From the Editor: Putin’s rubles-for-gas threat proves hollow [Gas in Transition]
In response to sanctions that he said amounted to economic warfare against Russia, president Vladimir Putin unnerved already volatile markets on March 23, announcing that “unfriendly” countries would have to pay for their Russian natural gas in rubles. However, the subsequent decree announced by the Kremlin on March 31 made no such demand.
Rather, gas buyers in European countries that have supported the sanctions regime against Russia can continue paying for Russian gas in euros and other foreign currencies. But they will have to open two accounts at Russia’s state lender Gazprombank: one in a foreign currency and one in rubles. According to the decree, customers can pay in foreign currency, and then Gazprombank will convert the sums into rubles and then transfer them to Gazprom.
The move is one of the number of measures Russia’s government and central bank have implemented to prop up the ruble, which slumped from a prewar level of under 80 to the US dollar to nearly 136 on March 10. Those measures, which have included forcing many banks and companies to swap in their foreign currencies for rubles, have clearly worked, with the ruble now trading at close to the level before Moscow launched its invasion of Ukraine.
Another motivation may have been to protect Gazprombank, one of the few major Russian banks that has so far avoided the more severe Western sanctions, from future restrictions. If European buyers have to keep paying into the bank, then the bank is shielded.
Gas prices eased back when it became clear exactly what Moscow was asking for. However, some European buyers have still said they will refuse to follow the new payment instructions. For example the Netherlands, which meets 15% of its gas needs with Russian supply, has told its energy companies to refuse any new gas-payment terms proposed by Moscow. The Dutch government is aligning itself with European Commission president Ursula von der Leyen, who said on March 24 that following Russia’s new instructions would be a violation of sanctions.
Brussels wants to present a united front against Russia’s demand, even if it would only mean European customers paying into a different account. But significant buyers of Russian gas including Germany and Italy appear open to accepting it. Some states including Hungary, which gets about 70% of its gas from Russia, have gone further.
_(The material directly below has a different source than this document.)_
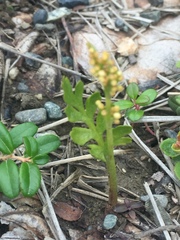 Botrychium alaskense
Hungarian prime minister Viktor Orban, who has opposed stricter sanctions against Russia, seemed to suggest his country would even be willing to pay in rubles.
“We have no difficulty at all paying in rubles,” he told reporters on April 6, fresh from a crushing victory in general elections. “So if the Russian asks for it, we’ll pay in rubles.”
His government has said that it does not consider doing so a violation of EU sanctions against Moscow.
Slovakia, which gets close to 85% of its gas from Russia, has also said it would be willing to pay the bill in rubles.
“In order to not lose the imports, we will pay for them in Russian currency if we won’t reach a different deal,” economy minister Richard Sulik said on April 4. He added that while he supports diversification of supply, achieving this would take several years.
Russia’s decree covers gas supplies from April 1, meaning most buyers will have only the next few weeks to decide whether to follow it. The decree orders Gazprom to cut off supply if its customers fail to comply. At this stage, it would appear that most are likely to agree to the new terms.
However, with the war in Ukraine still raging, making predictions is very difficult. If Russia’s standoff with the West escalates, Putin could very well demand ruble payments. What is clear is that the majority of Europe is simply not in a position to do without Russian without causing devastating economic damage. As such, European proposals for a bloc-wide embargo on Russian oil and gas are unlikely to go anywhere, as those member states with the most to lose will prevent it. Russia, whose economy is already crippled by sanctions with a possible default looming, would also consider severing gas supplies to Europe as one of its last resorts.